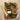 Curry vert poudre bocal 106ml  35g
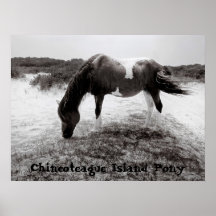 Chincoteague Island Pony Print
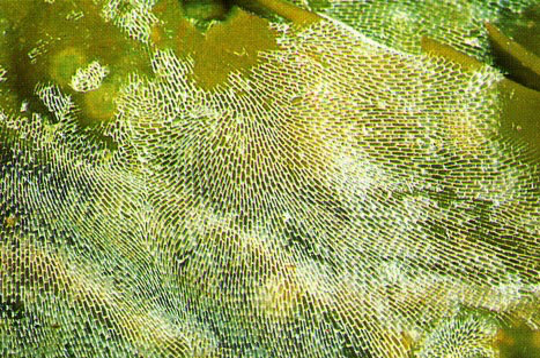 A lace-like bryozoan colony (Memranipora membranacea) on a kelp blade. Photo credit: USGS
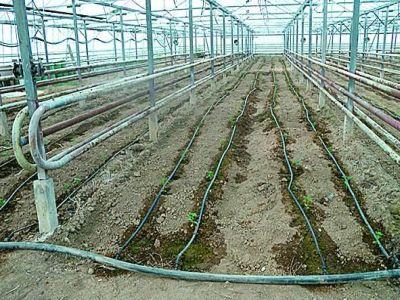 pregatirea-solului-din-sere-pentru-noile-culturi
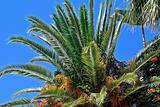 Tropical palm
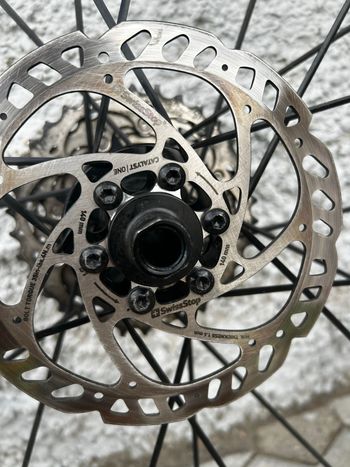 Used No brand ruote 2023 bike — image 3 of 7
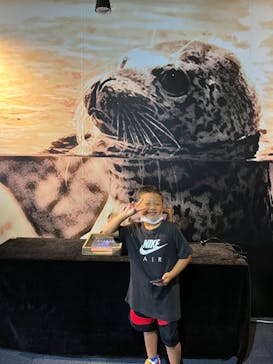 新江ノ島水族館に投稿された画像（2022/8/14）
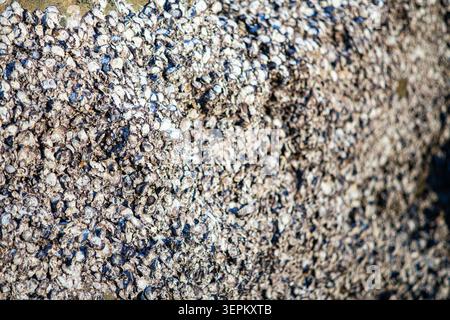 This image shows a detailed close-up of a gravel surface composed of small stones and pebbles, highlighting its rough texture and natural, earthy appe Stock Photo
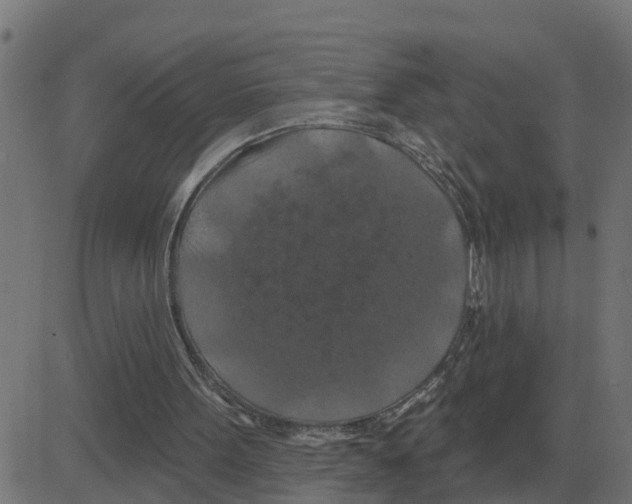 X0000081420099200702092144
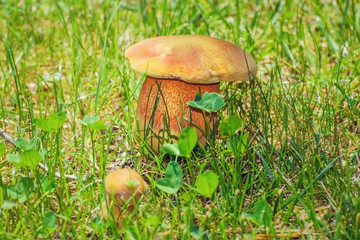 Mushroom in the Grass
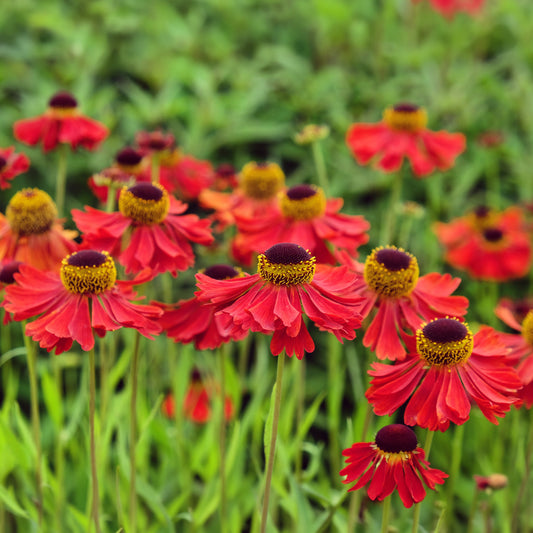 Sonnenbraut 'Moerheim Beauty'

----

● Problem to work on:
The output must match, line for line, the span from the line containing "Chincoteague Island Pony Print" through the end of the data, with the pictures removed.

● Response to the exercise:
 Chincoteague Island Pony Print
 A lace-like bryozoan colony (Memranipora membranacea) on a kelp blade. Photo credit: USGS
 pregatirea-solului-din-sere-pentru-noile-culturi
 Tropical palm
 Used No brand ruote 2023 bike — image 3 of 7
 新江ノ島水族館に投稿された画像（2022/8/14）
 This image shows a detailed close-up of a gravel surface composed of small stones and pebbles, highlighting its rough texture and natural, earthy appe Stock Photo
 X0000081420099200702092144
 Mushroom in the Grass
 Sonnenbraut 'Moerheim Beauty'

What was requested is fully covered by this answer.